Putting The Stock Market’s Fierce Decline into Context

Yesterday, the Straits Times Index (SGX: ^STI) fell by a mighty 4.3% to 2,843 points. It’s painful and can be somewhat shocking. But let’s put things into context.

There have been 5,821 trading days from the start of 1993 to 24 August 2015. The aforementioned 4.3% fall that was just experienced ranks as the 28th worst day in those 22 years we’re looking at.

In other words, there have been a fair number of occasions when the Straits Times Index has fallen even harder. To put it another way, big intra-day declines are not all that rare historically speaking.

So, there’re two big takeaways here. First, nothing is broken – the market is acting the way it always has.

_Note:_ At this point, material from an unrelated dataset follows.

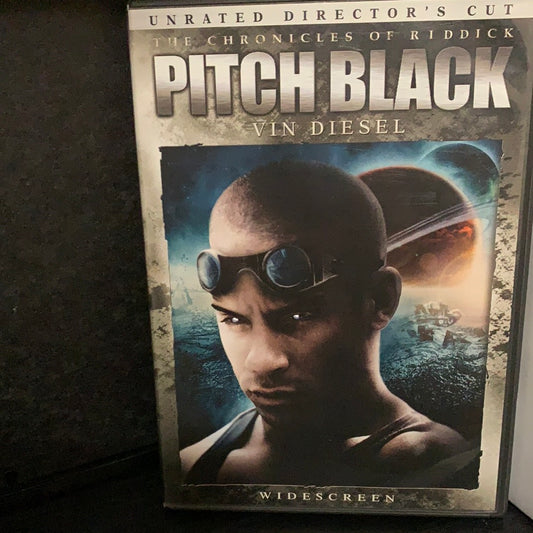 Pitch Black (2000)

Second, between the start of 1993 and 24 August 2015, the Straits Times Index has gained 86% in total despite the interim volatility that has been present.

An 86% total return after 22 years equates to an annualised return of just 2.86% – that’s pedestrian and nothing to be excited over. But, throw in dividends, and that annual return figure could be reasonably bumped up to nearly 6%. That’s not too shabby.

Looking at history the way I’ve just did will not help to ease the pain if the market steps down further temporarily. But it can help put things into context and prevent our emotions (or a bad read of data) from causing us to make regrettable investing decisions.

The information provided is for general information purposes only and is not intended to be personalised investment or financial advice. Motley Fool Singapore writer Chong Ser Jing doesn't own shares in any company mentioned.